O frequentador de museus brasileiro viveu nos últimos dois meses uma fantasia de megaexposição. A mostra de Rodin no Museu Nacional de Belas Artes, no Rio, e na Pinacoteca Pública do Estado, em São Paulo, praticamente forjou um novo público, capaz de formar fila de madrugada para contemplar obras de arte até havia pouco inacessíveis. Um público de meio milhão de pessoas.
A mostra Rodin deu lucro, talvez pela primeira vez na história das artes plásticas no Brasil. Foi tamanho que o MNBA resolveu aplicar o dinheiro da venda dos ingressos -cerca de R$ 200 mil- em outra megaexposição.
Em contato com a Secretaria de Estado da Cultura de Minas Gerais, optou por uma grande retrospectiva das obras do escultor Aleijadinho e do pintor Ataíde, ambos mineiros e quase parte da paisagem das cidades históricas.
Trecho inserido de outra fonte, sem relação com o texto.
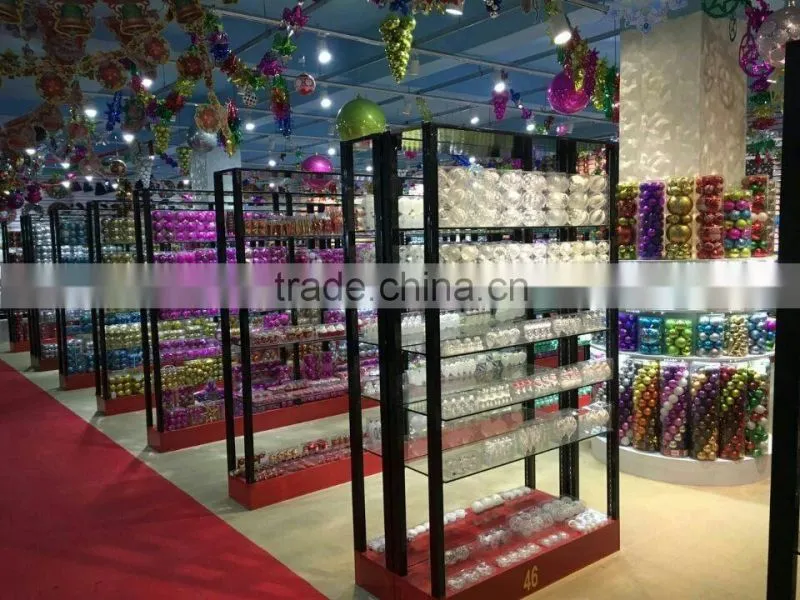 Christmas removable jelly window sticker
No rastro de Rodin, pensaram os idealizadores do evento, Aleijadinho e Ataíde conquistariam Rio, São Paulo e já havia planos para que as obras fossem mostradas no Museu Rodin de Paris.
O curador do evento, Luiz Augusto, escolhia as obras, espalhadas pelas cidades históricas. O governo mineiro empreendeu até mesmo uma ``campanha de conscientização" da população de Congonhas do Campo, tradicionalmente avessa à saída das obras de Aleijadinho de sua paisagem.
A idéia mais mirabolante do curador era juntar a ``Santa Ceia", de Ataíde, pertencente ao Colégio Caraça, e a ceia dos ``Passos da Paixão", parte do conjunto de esculturas em madeira que se sucedem teatralmente num ciclo na área externa da catedral de Congonhas do Campo.
A campanha começou. Faixas, programas de rádio, excursão da turma da secretaria à cidade. Até o cardeal de Minas, Dom Luciano Mendes de Almeida, liberou as obras. Era 21 de junho, nove dias antes da inauguração programada, quando os sutiãs apareceram e puseram tudo a perder.
O sonho da mega se desfez numa reunião na Câmara dos Vereadores, com a presença do prefeito da cidade. Salão nobre lotado, clima tenso, a população repetia a história como marra. Não queria liberar Aleijadinho.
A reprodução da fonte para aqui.